Friday, April 15, 2011

Best Trains Ever



I entered Turkey from Georgia by the black sea. There are no trains up there, so I had the good sense to take a bus - of which there are plenty in Turkey - to the nearest train station.

This meant a 9 hour bus ride from Hopa - an alleged hooker town according to my young Norweigian friend - to Erzurum overnight. The bus was new and clean, but it's still a bus.

We stopped about every 30 minutes, and the open door letting the cold air in kept waking me up. It was miserable. I got dropped off in the middle of the night at an empty bus station in Erzurum, and got hosed for 10 Turkish Lira for a 5 minute cab ride to the station since I had no idea where it was and it was 3:30AM.

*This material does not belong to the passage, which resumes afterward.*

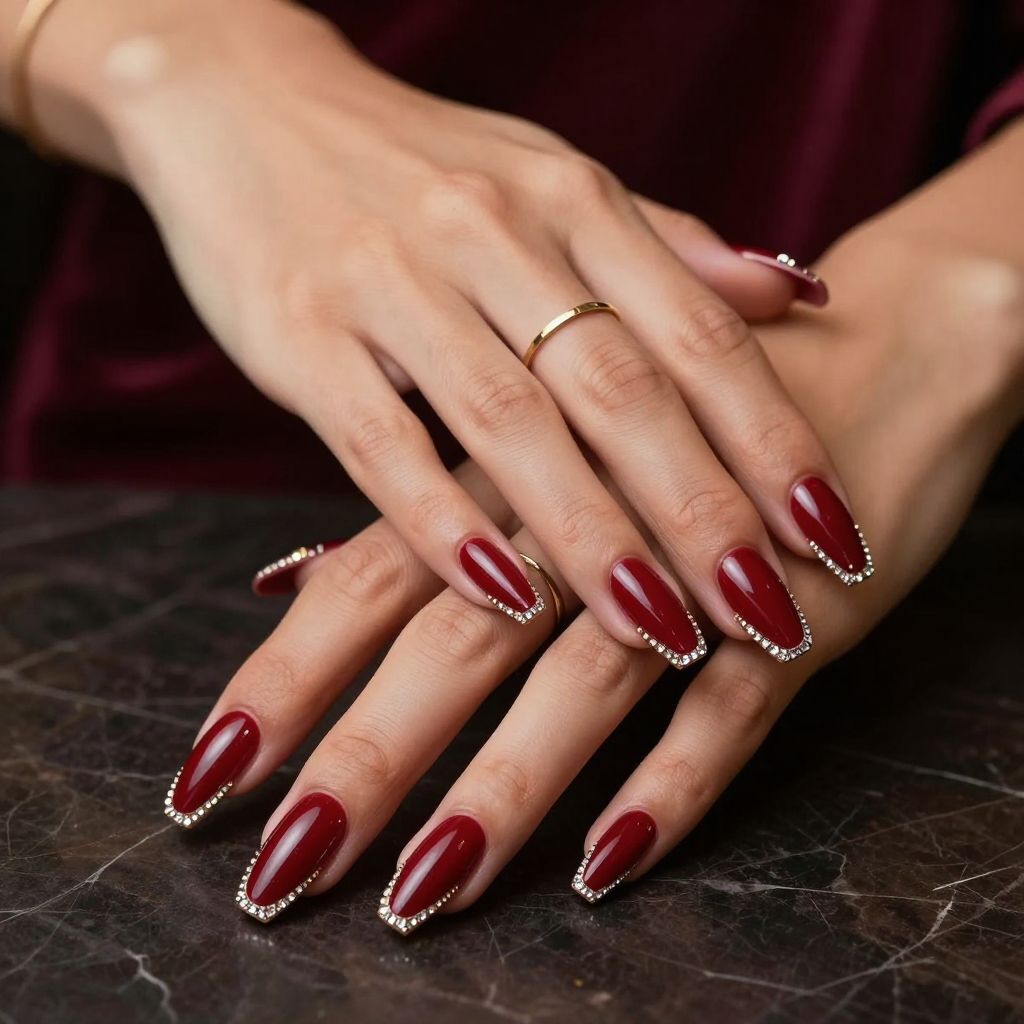 Red Coffin Nails With Rhinestone Border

This is the situation I left when I got on the train at 5:30 in the morning. I had unknowingly bought a first class ticket for about $40 for the 16 hour ride. I had my own cabin to myself, with a little fridge and sink. The car attendant made my bed and gave me snacks. The train was modern and new and clean. There was a rug on the floor.

The window was enormous and crystal clear. It's surprising how big a difference something simple like a large, clean window can make to the enjoyment of the countryside.

And the countryside itself was spectacular: craggy mountain passes, muddy rivers, rolling hills with tongues of lingering snowfall.

The dining car was a bit overpriced, but beer and food were available, and I ate and drank since I brought no supplies with me.

I met a German kid who also had his own cabin, and we chatted in the dining car and I kicked his ass in chess due to an egregious oversight he made that gave me his queen. That seems to be the only way I win chess games.

I didn't want to get off when I arrived in Kayseri, bound for Cappadocia. The train was that comfortable and nice.

After my time in Cappadocia, I was happy to get back on the same train, the Dogu Express, Kars to Haydarapasa in Istanbul. It's not that I didn't like Cappadocia - it was fantastic - it's just that getting on a train is a real pleasure. The feeling of movement, the knowledge that you're going somewhere and all you have to do is sit back and read and rest, the luxury of space and being able to walk around.

I rode second class to Istanbul, about $20 for an 18 hour ride. My cabin could sleep 4 people, but I had it all to myself.

The best part about Turkish trains is that evidently, no one takes them. That means there are no crowds, no rush, no crammed compartments.

The second class bed wasn't quite as nice as the first class, but it was all to myself. Who can complain?

The car was second to the rear, in front of the first class car. The window was still big, the landscape was still pretty, though more development was obviously to be expected as we approached Istanbul.

I met no one this ride, but got to recline in my bed, reading Atlas Shrugged, and occasionaly entertaining some of the few other passengers with my presense as a foreigner.

Great views, cheap tickets, empty cabins, smooth rides. Turkish trains have been the best yet.